Project Viva - Women's Health Cohort
- National Institutes of Health (NIH)
- SCORE: Physiologic and Social Stressors and Health during the Menopausal Transition

Project Summary
Project Viva is a groundbreaking longitudinal research study of women and children that began in 1999. The initial goal of Project Viva was to find ways to improve the health of mothers and their children by looking at the effects of mother's diet as well as other factors during pregnancy and after birth. Over the past two decades, Project Viva has expanded its focus to include a wider range of experiences that influence health extending into midlife for the mothers. Health exposures of interest now include not only diet but also physical activity, sleep, environmental chemicals, air pollution, stressors, mental health, and others. The information we collect enables us to investigate, for example, the effects of a mother's diet during pregnancy. Project Viva began enrolling pregnant women in April of 1999. Project Viva continues to conduct in-person visits with mom participants (now in their mid-life years) and sends out annual surveys to track the changes of participants throughout the years.
Study population
A total of 2,128 babies born between 1999 and 2003 were enrolled into Project Viva. Today, more than two decades later, over 1,000 women continue to be actively engaged in Project Viva research! Project Viva mothers completed in-person examinations during pregnancy, and were seen together with their children at study visits throughout childhood and into the teen years. Project Viva now invites mothers and their children to continue their participation as individuals, as we shift our focus toward separate studies of Young Adult health and Women’s health.
Aims
One of Project Viva's current grants aims to evaluate the associations of physiologic and social stressors in women during the perimenopausal period (mean age of 50 years). Three of the aims are outlined below.

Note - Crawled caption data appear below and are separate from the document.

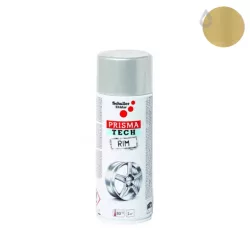 Schuller Prisma Tech Rim felni spray - arany - 400 ml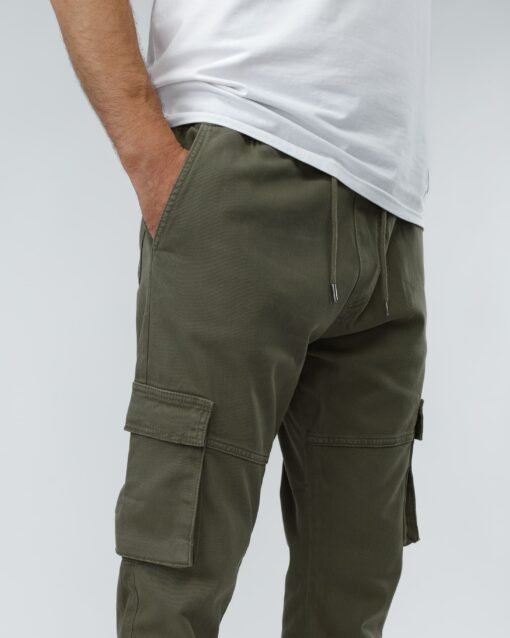 Kargo Pantalone X01 - Slika 7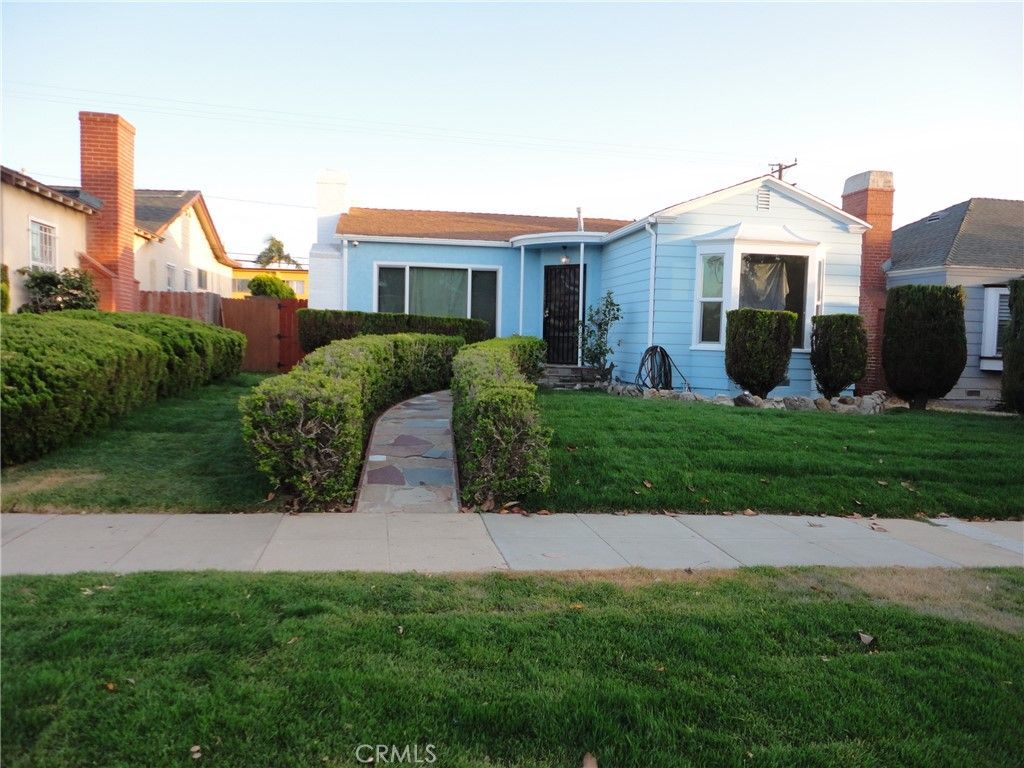 404 W Hillsdale Street, Inglewood, CA 90302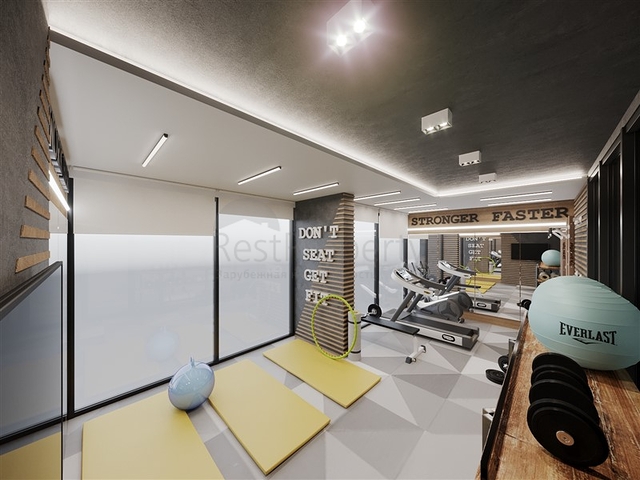 New investment project in Tosmur district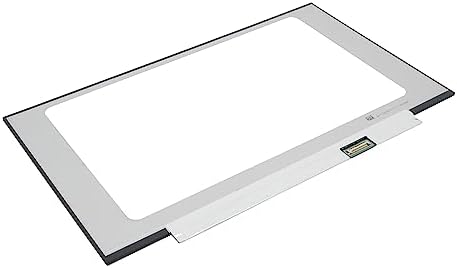 New Screen 14" eDP/30 pins Connector 1920×1080 FHD Replacement for NT140FHM-N43 N140HGA-EA1 NT140FHM-N47/N44/N45 B140HTN02.0/02.3/02.4 LED Display (N140HGA-EA1)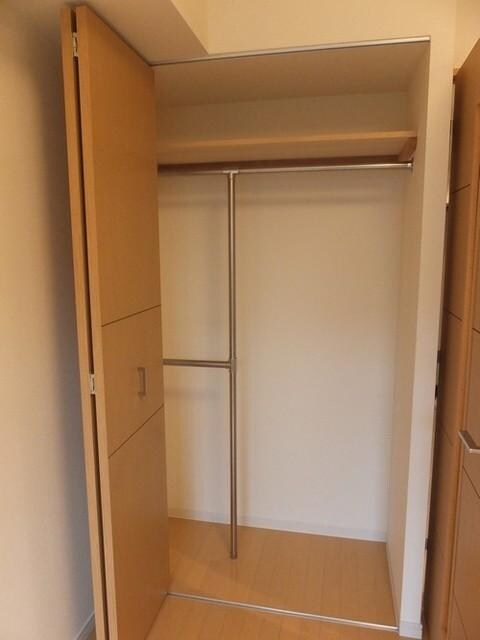 HF早稲田レジデンスIIの物件内観写真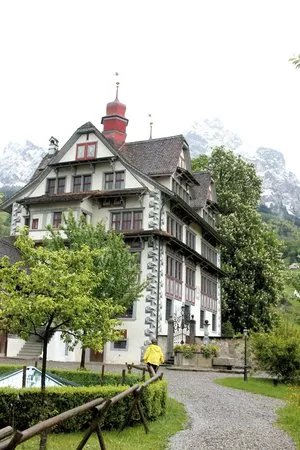 Ital Reding Estate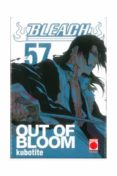 bleach 57-tite kubo-9788415830245 bleach 57-tite kubo-9788415830245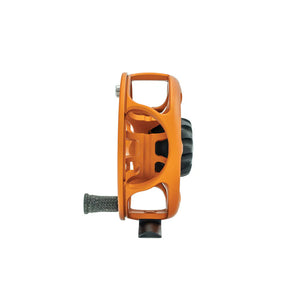 Ross Evolution FS Fly Reel - Limited Edition - Matte Pumpkin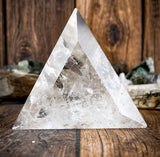 Quartz Triangle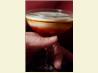Strawberry Blonde (Adult Beverage). Recipe by katie in the UP
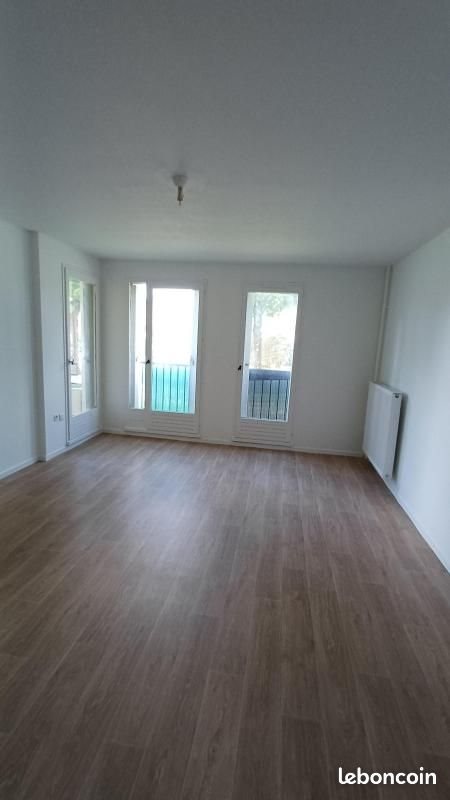 Appartement à louer, 86m², Saint-Marcellin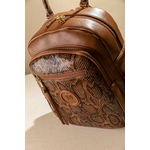 Backpack με Πολλές Τσέπες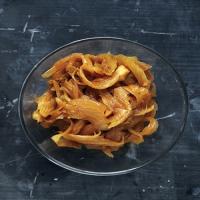Caramelized Fennel and Onions image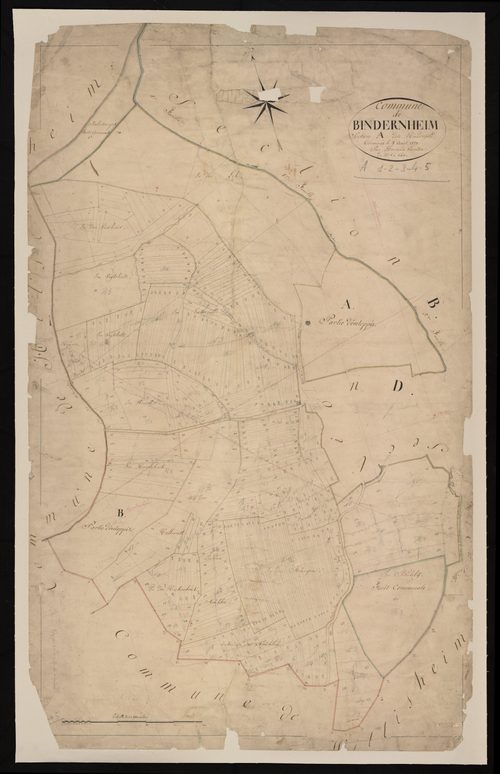 Bindernheim
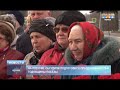 ТНТ-Поиск: Ветераны готовятся к празднованию Дня Победы ТНТ-Поиск: Ветераны готовятся к празднованию Дня Победы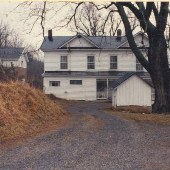 Dr. Clark's House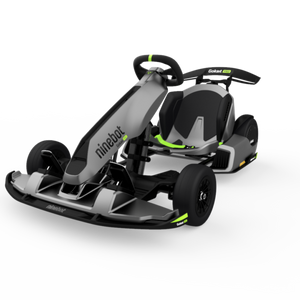 SEGWAY NINEBOT GOKART PRO – Man Firth Electric - Main Image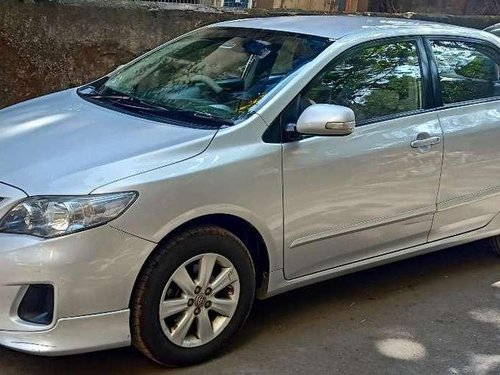 Toyota Corolla Altis 1.8 J, 2013, Petrol MT in Mumbai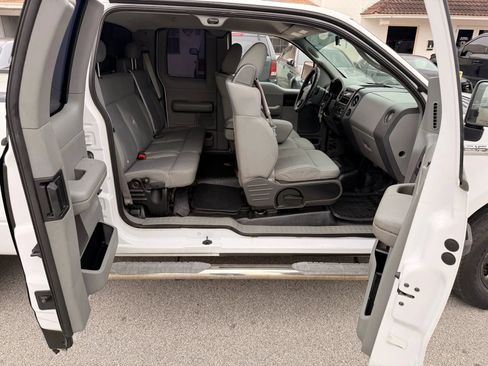 Used 2007 Ford F150 XL RWD image 25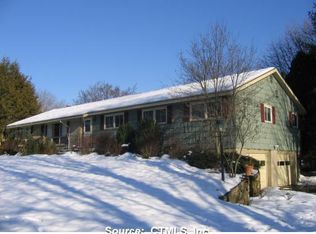 515 Sportsmans Rd, Orange, CT 06477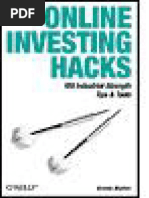 Online Investing Hacks @team DD - by Bonnie Biafore PDF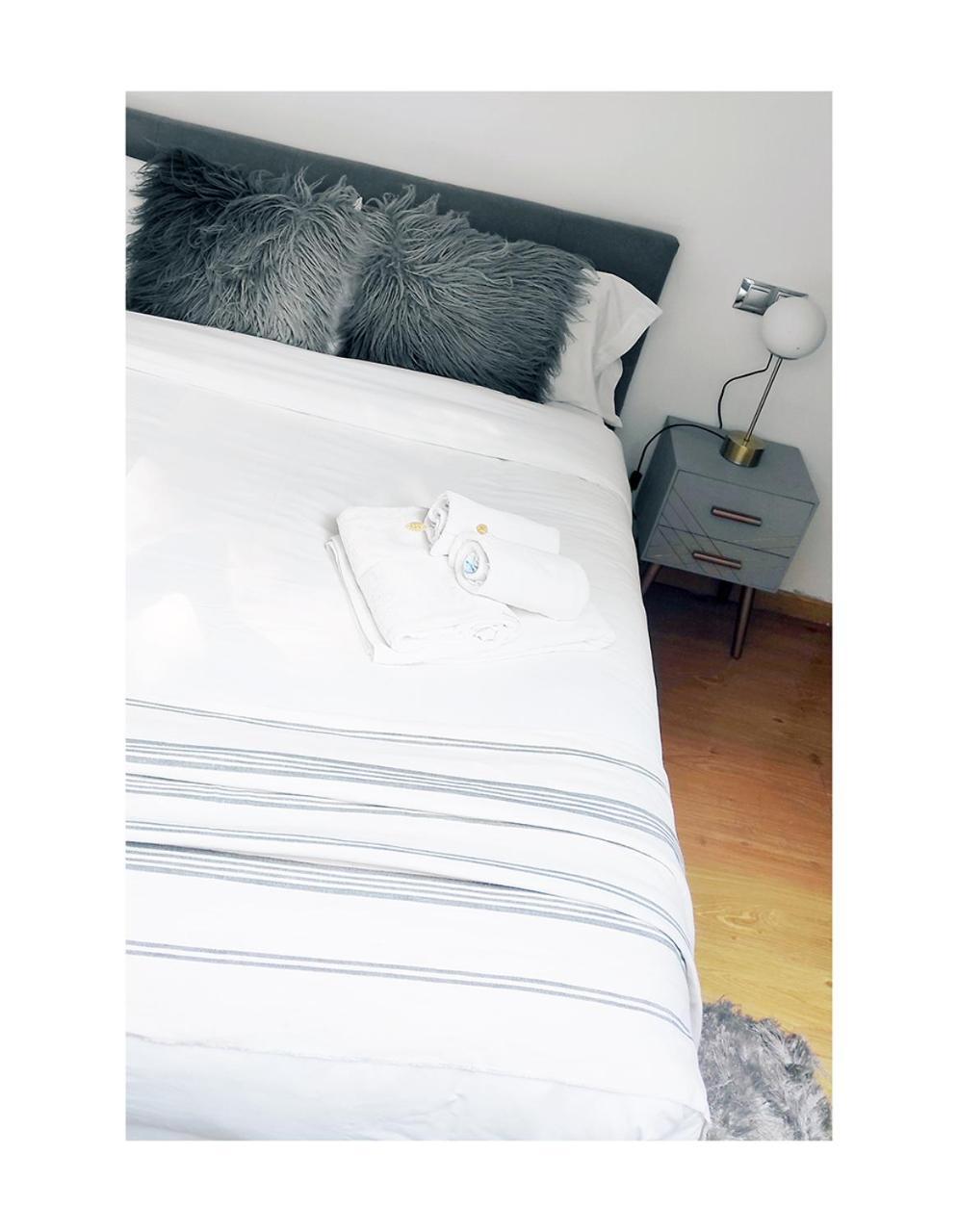 Appartement Preciosas Vistas Y A Estrenar En El Casco Viejo Centro Ciudad à Vigo Extérieur photo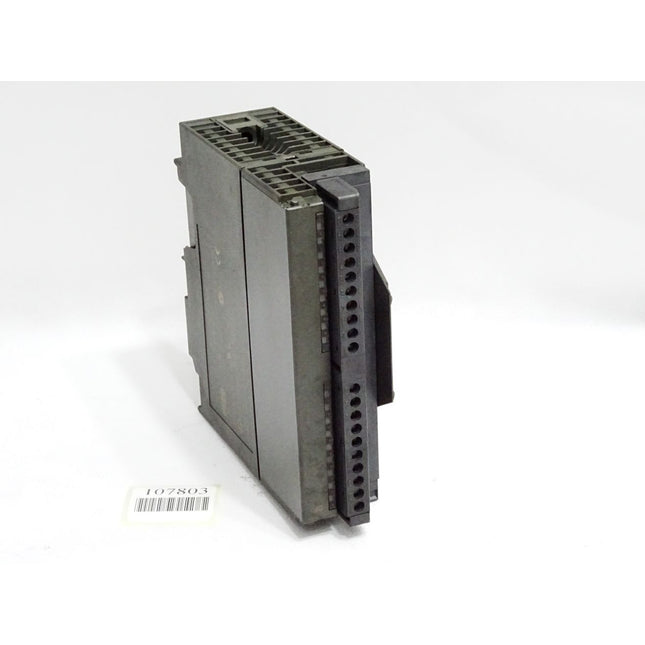 Siemens S7-300 Analogeingabe SM331 6ES7331-7KF02-0AB0 6ES7 331-7KF02-0AB0 - Maranos.de
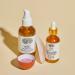 Anima Mundi Rose Body Oil - Organic Hydrating Body Oil with Moringa & Jojoba for Skin Rejuvenation - Adaptogenic Collagen Oil - 4oz - Buy Online on GoSupps.com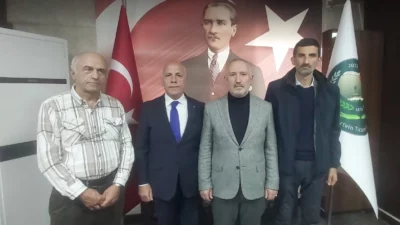 Artvin Ticaret Borsası Başkanı Osman Akyürek, Hopa Hemşin Yaylaları, Kültür,
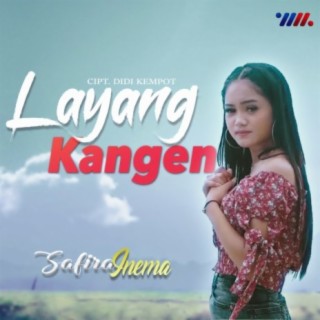 Layang Kangen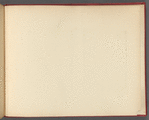Back cover and spine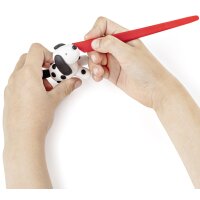 FIMO kids Kit de modelage Form & Play Pet, niveau 1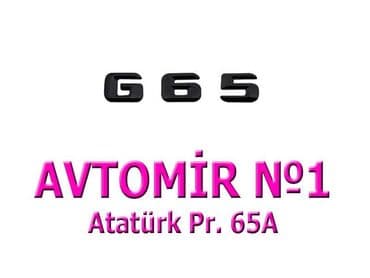 gizli ses yazma cihazları bakida: G65 loqotipi 🚙🚒 ünvana və bölgələrə ödənişli çatdırılma 💳birkart və — 1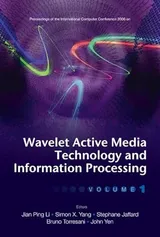 Cover of International Computer Conference 2006 on Wavelet Active Media Technology and Information Processing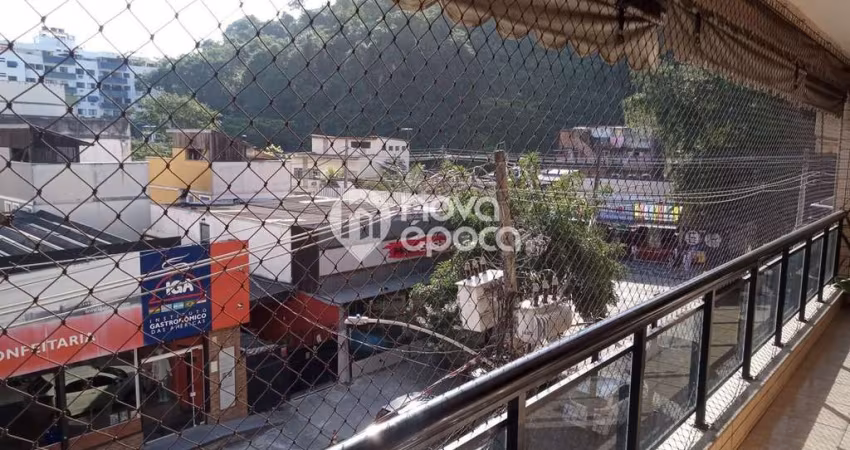 Apartamento com 4 quartos à venda na Rua Comandante Rúbens Silva, Freguesia (Jacarepaguá), Rio de Janeiro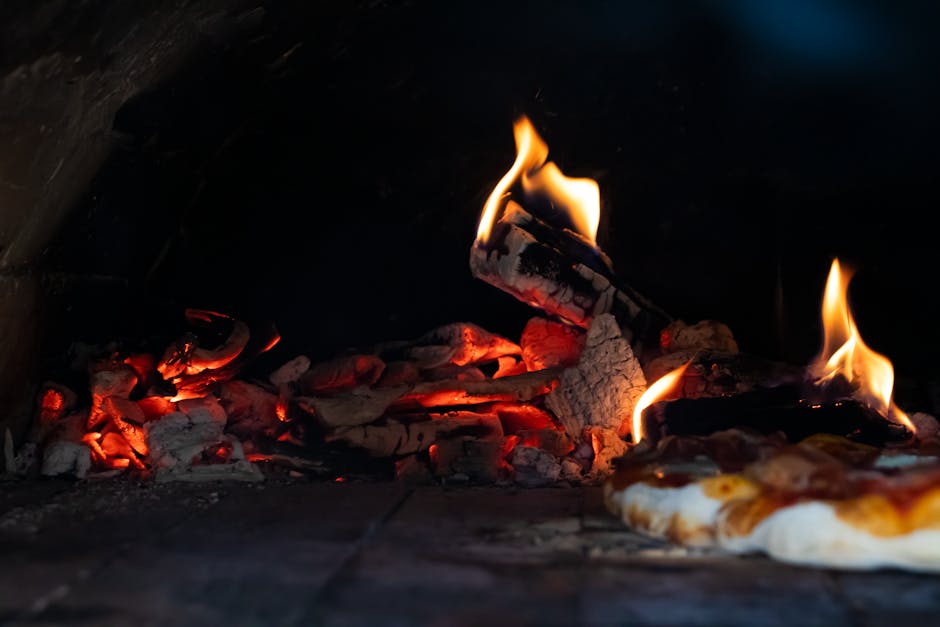 Antico Forno Roscioli, Rome, Italy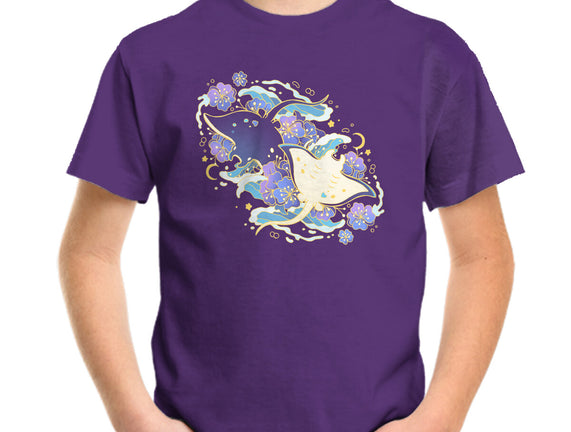 Manta Ray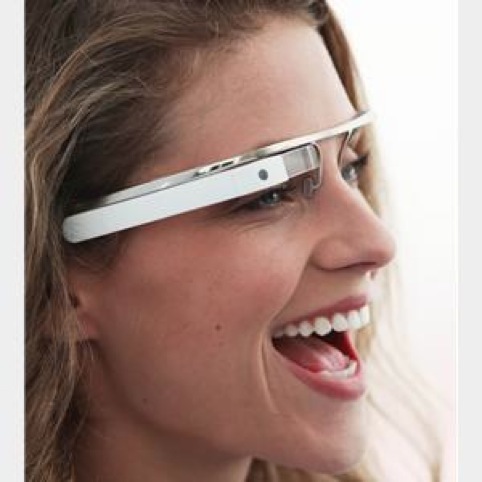 Google Glass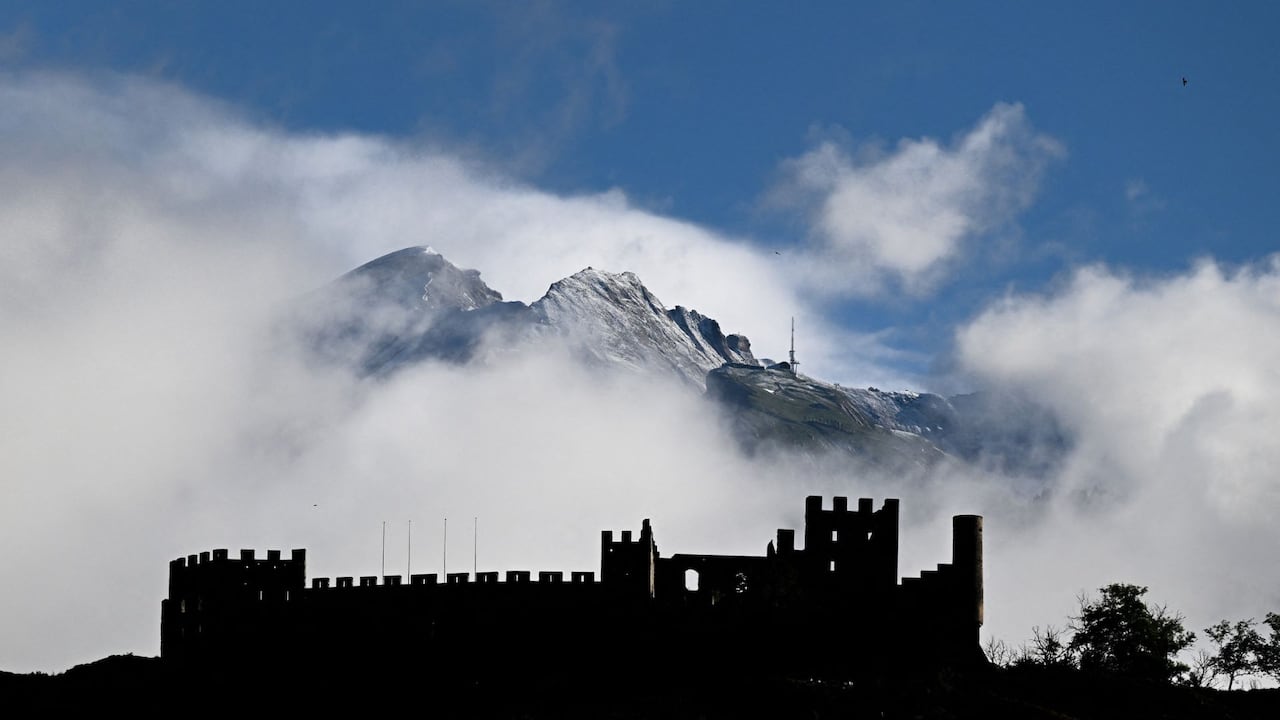 Alpes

- Aim 1: To study cardiometabolic health, including central adiposity (waist circumference and dual X-ray absorptiometry-measured visceral adipose tissue), glycemia (fasting insulin and glucose), blood pressure, and fasting lipids.
- Aim 2: To study neuropsychiatric symptoms, including vasomotor instability, depressive symptoms and anxiety.
- Aim 3: To study sleep duration and quality, assessed via questionnaires.